**Task goal**
Without including the pictures, copy out every line below.

The data section start

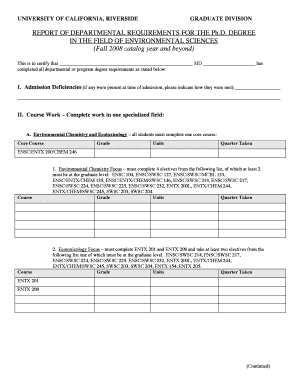 Fillable Online graduate ucr REPORT OF DEPARTMENTAL REQUIREMENTS FOR ...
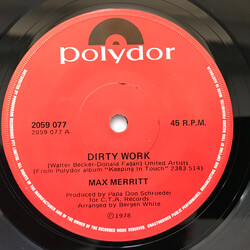 Max Merritt Dirty Work USED VINYL 7INCH 45 RPM SINGLE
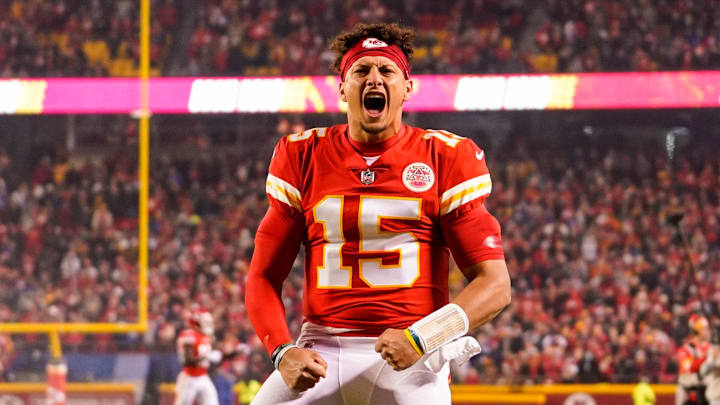 Nov 1, 2021; Kansas City, Missouri, USA; Kansas City Chiefs quarterback Patrick Mahomes (15) reacts before the game against the New York Giants at GEHA Field at Arrowhead Stadium. Mandatory Credit: Jay Biggerstaff-Imagn Images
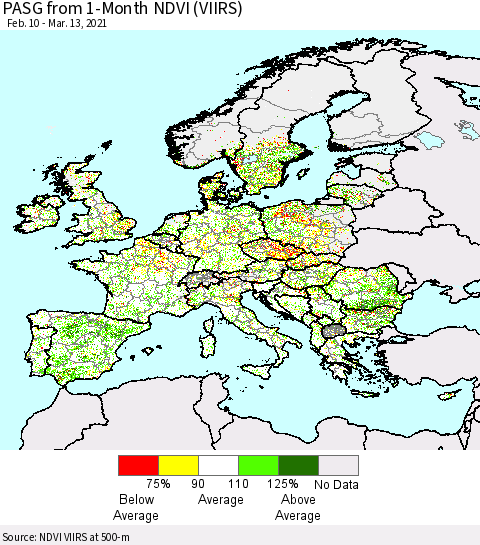 Europe PASG from 1-Month NDVI (VIIRS) Thematic Map For 3/6/2021 - 3/13/2021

The data section end

**Task response**
 Fillable Online graduate ucr REPORT OF DEPARTMENTAL REQUIREMENTS FOR ...
 Max Merritt Dirty Work USED VINYL 7INCH 45 RPM SINGLE
 Nov 1, 2021; Kansas City, Missouri, USA; Kansas City Chiefs quarterback Patrick Mahomes (15) reacts before the game against the New York Giants at GEHA Field at Arrowhead Stadium. Mandatory Credit: Jay Biggerstaff-Imagn Images
 Europe PASG from 1-Month NDVI (VIIRS) Thematic Map For 3/6/2021 - 3/13/2021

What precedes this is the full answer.